## Data shown
★ ★ ★

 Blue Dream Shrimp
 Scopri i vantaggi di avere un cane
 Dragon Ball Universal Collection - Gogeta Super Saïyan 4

★ ★ ★

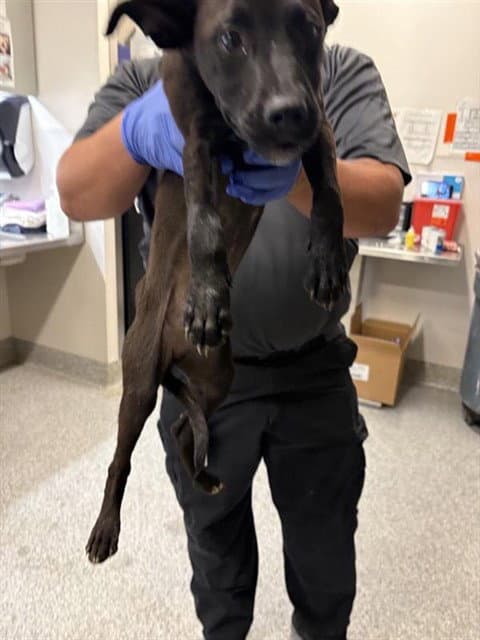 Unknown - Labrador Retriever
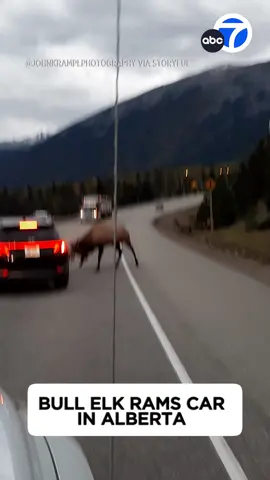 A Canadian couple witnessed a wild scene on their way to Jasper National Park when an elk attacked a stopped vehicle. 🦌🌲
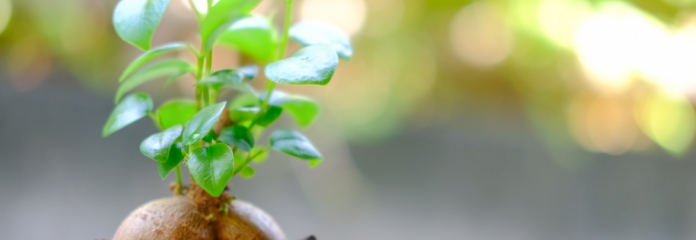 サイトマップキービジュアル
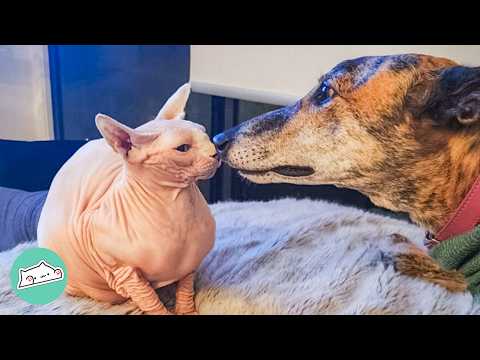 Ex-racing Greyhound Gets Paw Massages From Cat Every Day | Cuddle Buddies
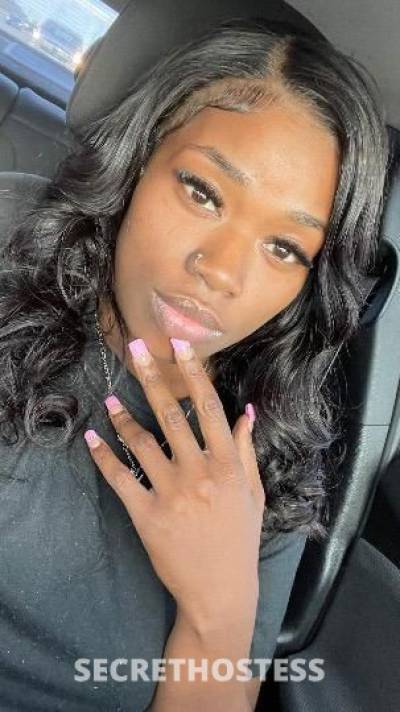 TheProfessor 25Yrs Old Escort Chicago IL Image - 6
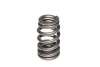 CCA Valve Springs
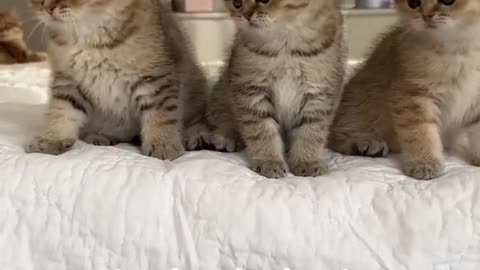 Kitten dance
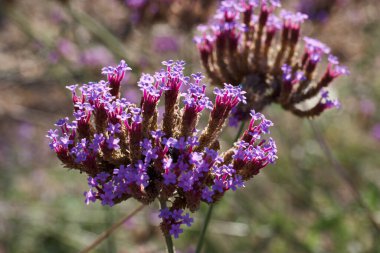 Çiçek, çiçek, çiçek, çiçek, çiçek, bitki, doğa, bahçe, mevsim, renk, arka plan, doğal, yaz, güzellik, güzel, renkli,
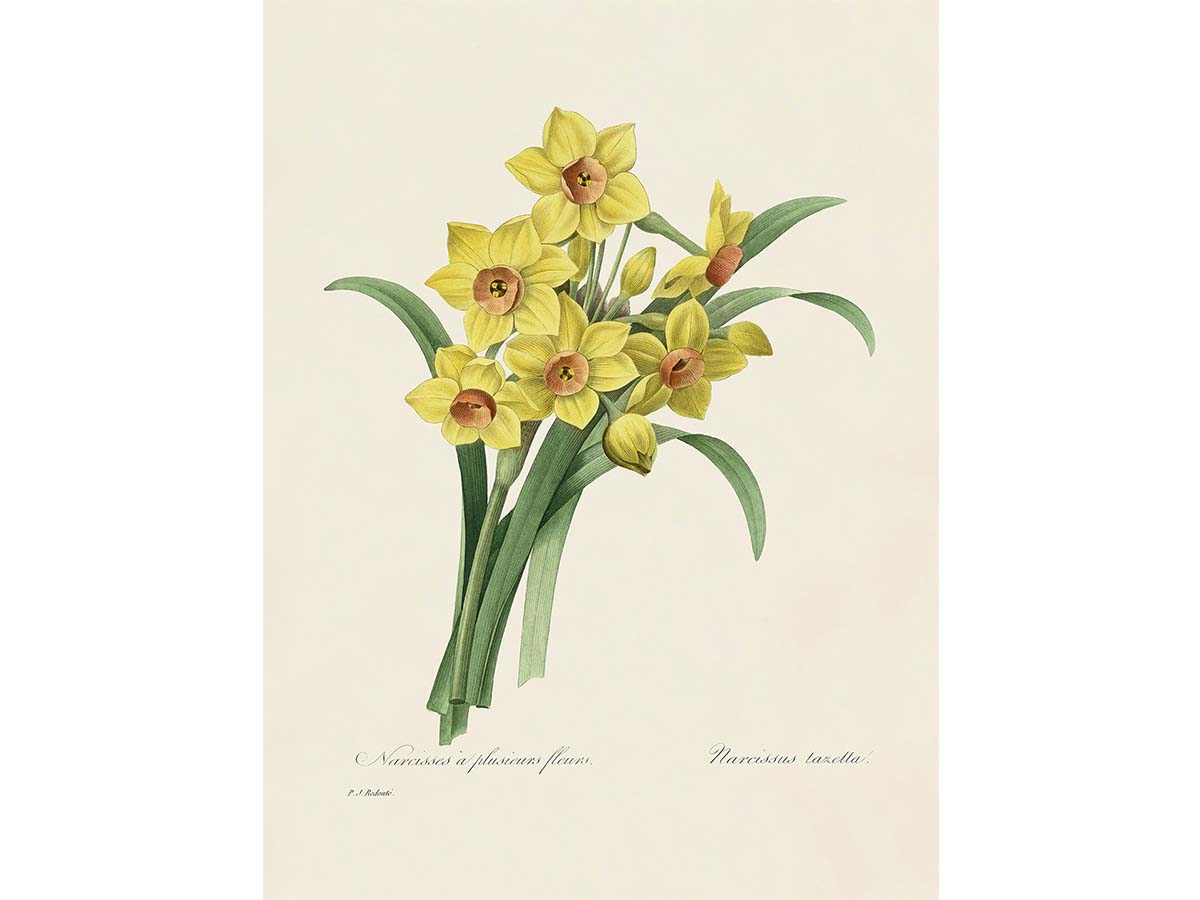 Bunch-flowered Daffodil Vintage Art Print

★ ★ ★

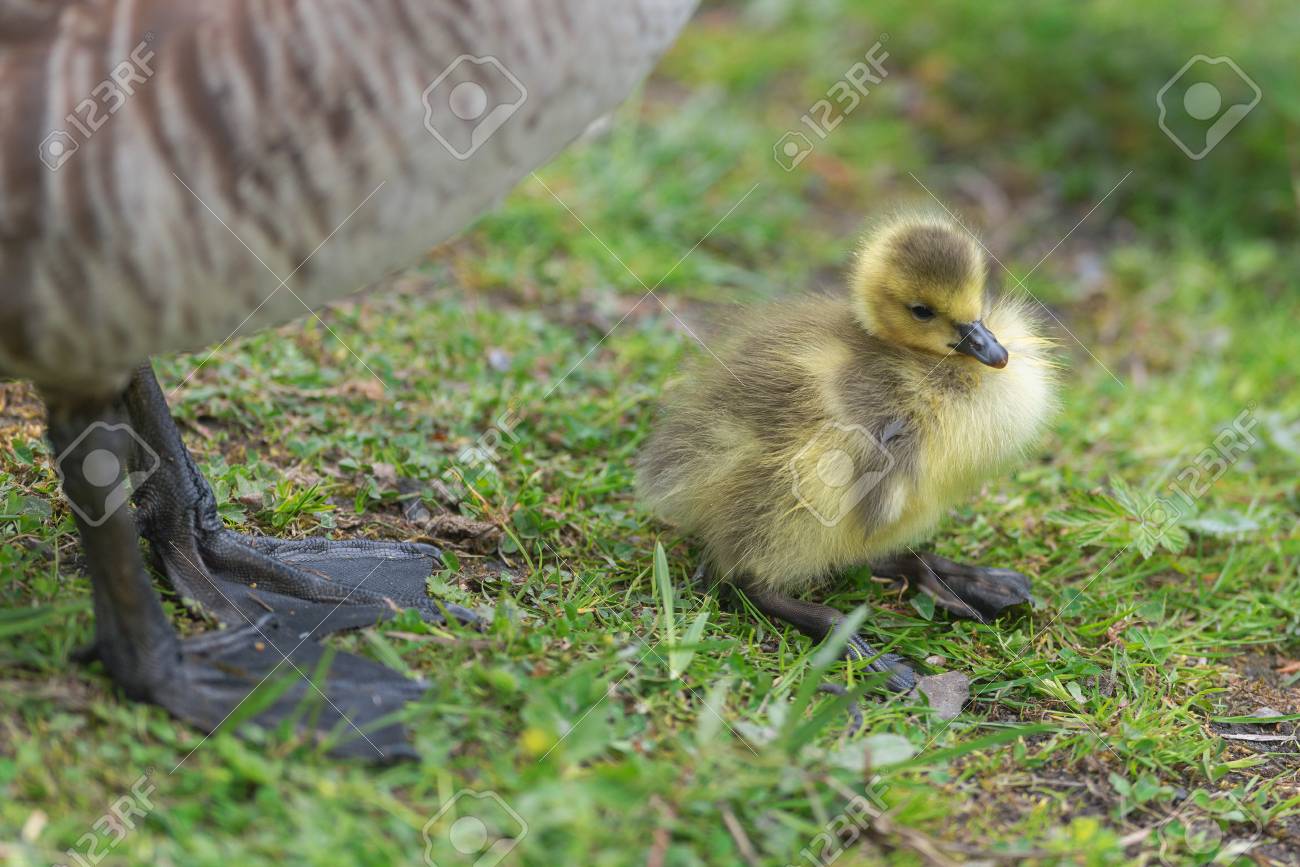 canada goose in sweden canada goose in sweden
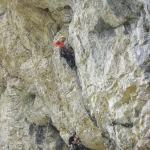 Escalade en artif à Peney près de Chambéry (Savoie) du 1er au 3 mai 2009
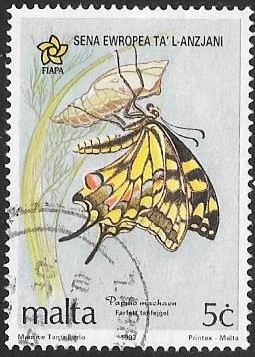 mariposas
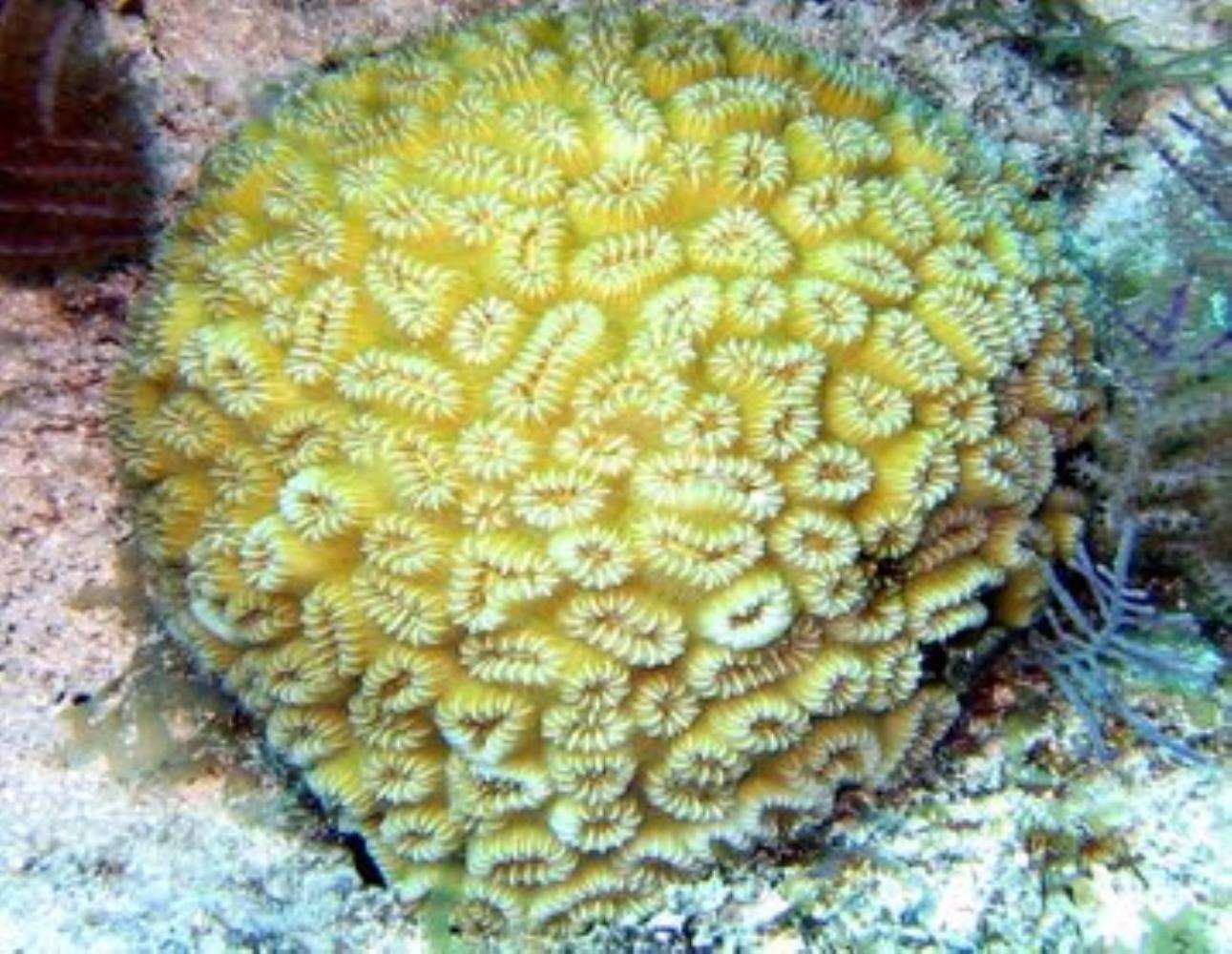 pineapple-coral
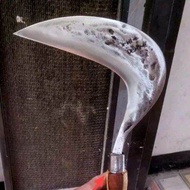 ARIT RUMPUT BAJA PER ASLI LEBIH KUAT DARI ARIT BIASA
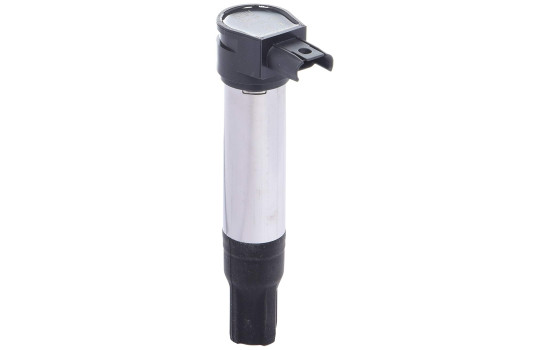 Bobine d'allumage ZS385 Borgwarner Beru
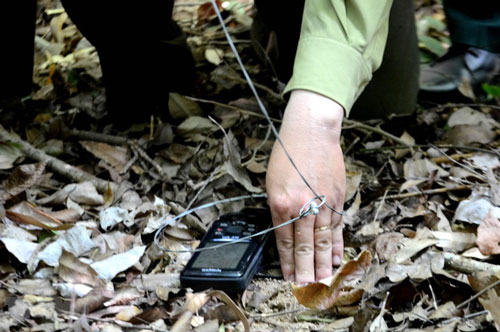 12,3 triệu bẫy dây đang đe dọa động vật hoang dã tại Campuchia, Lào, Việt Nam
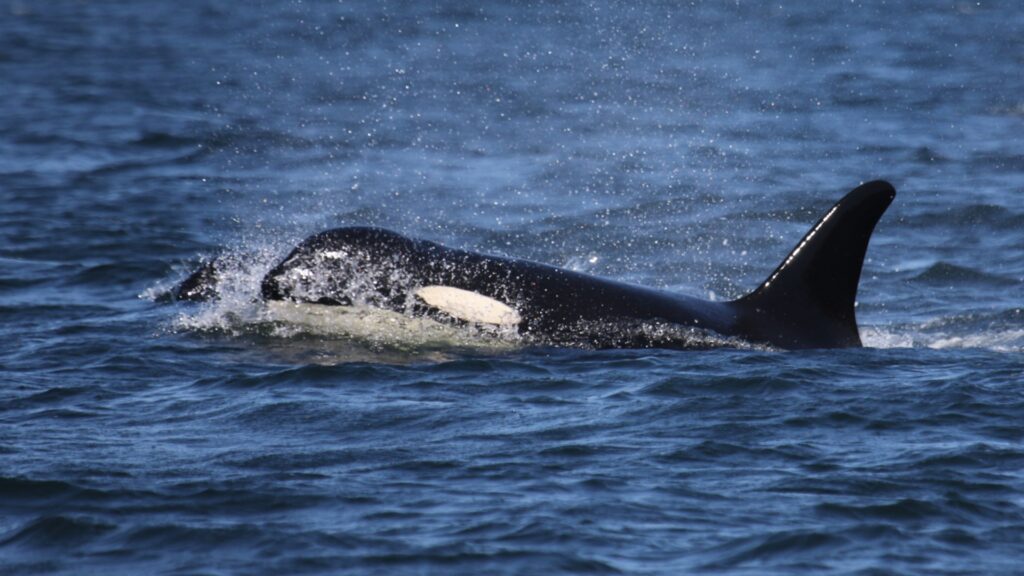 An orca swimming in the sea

★ ★ ★

## Work to be completed
Line for line, output the entries above from the line with "12,3 triệu bẫy" to the line with "An orca swimming in the sea", both included, and nothing more. Skip pictures.

## Answer to the exercise
 12,3 triệu bẫy dây đang đe dọa động vật hoang dã tại Campuchia, Lào, Việt Nam
 An orca swimming in the sea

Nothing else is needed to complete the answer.